Featured Engagements
10M events/day Kafka → Spark Streaming Pipeline
Exactly-once · Late-event watermarks · Sub-5s end-to-end latency · AWS EMR
Production Kafka → Spark Structured Streaming pipeline at 10M+ events/day with exactly-once delivery to Delta Lake. Implemented watermark-based late-event handling (30-min tolerance), idempotent MERGE upserts, and a dead-letter queue with automatic replay. Reduced end-to-end data latency from 8 minutes to under 5 seconds.
Enterprise Lakehouse — Databricks Medallion Architecture
50+ siloed AWS Glue jobs → Bronze/Silver/Gold · Unity Catalog · 60% faster pipelines
Replaced a fragmented multi-warehouse topology (50+ isolated AWS Glue jobs, 8 engineering teams, no shared catalog) with a unified Delta Lake medallion architecture on Databricks. Unity Catalog for governance, automated schema contracts via dbt, Photon-powered Gold layer for BI and ML. Pipeline runtime dropped 60%, schema conflicts eliminated.
More Client Work
100TB Warehouse Migration — Redshift & Oracle → Snowflake + BigQuery
Dual-write validation · Zero downtime · p95 query time 42s → 11s
Led migration of 100+ TB from on-premise Oracle and legacy AWS Redshift to Snowflake and BigQuery using a dual-write validation strategy. Re-modelled physical layer (micro-partition clustering, column ordering, incremental ELT with dbt). Achieved 70% query performance improvement and 40% cost reduction with zero-downtime cutover.
ML Feature Store — 1,000+ Features, p99 < 8ms Online Serving
Dual-mode offline/online · Point-in-time correct · Zero training-serving skew
Centralised dual-mode feature platform on Databricks: Delta Lake offline store (point-in-time correct for training) and Redis online store (p99 < 8ms for inference) backed by identical feature definitions. Eliminated training-serving skew across 4 ML teams, cut feature engineering time from days to hours.

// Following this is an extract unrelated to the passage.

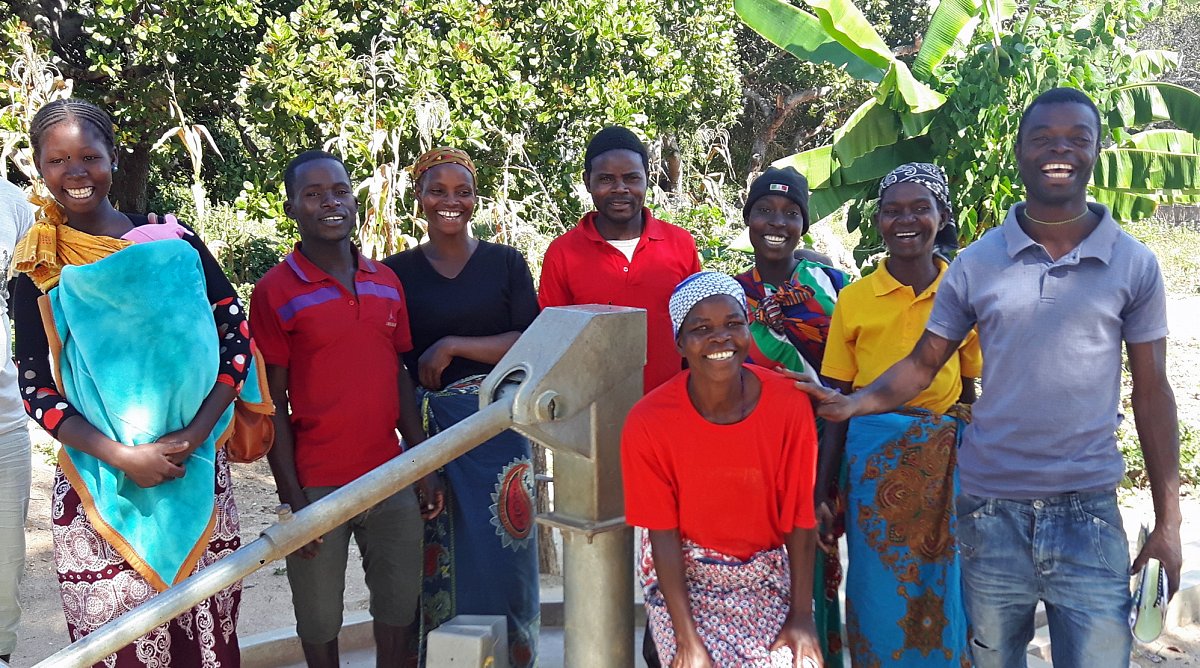 Brunnen und lachende Dorfbewohner in der Provinz Nampula, Mosambik.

Real-Time Credit Decisioning — 48h Batch → < 2min Streaming
Kafka + PySpark micro-batch feature engineering · 100K+ apps/day · 95%+ accuracy
Replaced overnight batch credit scoring with a Kafka-driven real-time pipeline. PySpark micro-batch feature engineering computes 200+ credit risk signals in real time, integrated with a REST model serving layer. Reduced decisioning latency from 48 hours to under 2 minutes while maintaining 95%+ model accuracy at 100K+ applications/day.

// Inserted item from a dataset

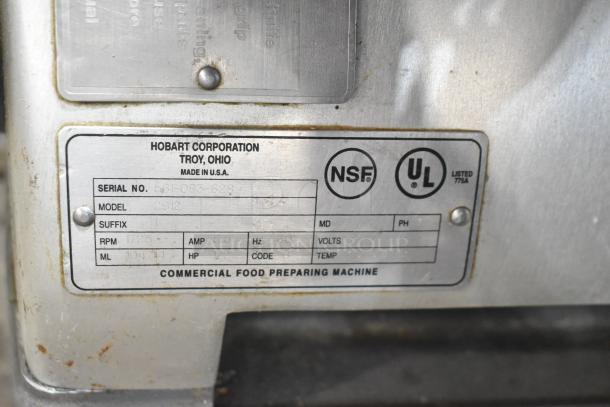 Hobart 2912 Automatic Meat Slicer with 115 Volts, 1 Phase. Features label with serial number and NSF, UL certifications.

Data Platform Cost Governance — −40% Spend in 90 Days
Isolation Forest anomaly detection · Terraform auto-remediation · 20+ Databricks workspaces
Automated cost governance framework using Isolation Forest ML to detect runaway Spark clusters, enforce S3 → Glacier storage tiering, and rightsize compute across 20+ Databricks workspaces. Terraform-driven auto-remediation halts anomalous jobs and routes Slack/PagerDuty alerts with per-team chargeback attribution.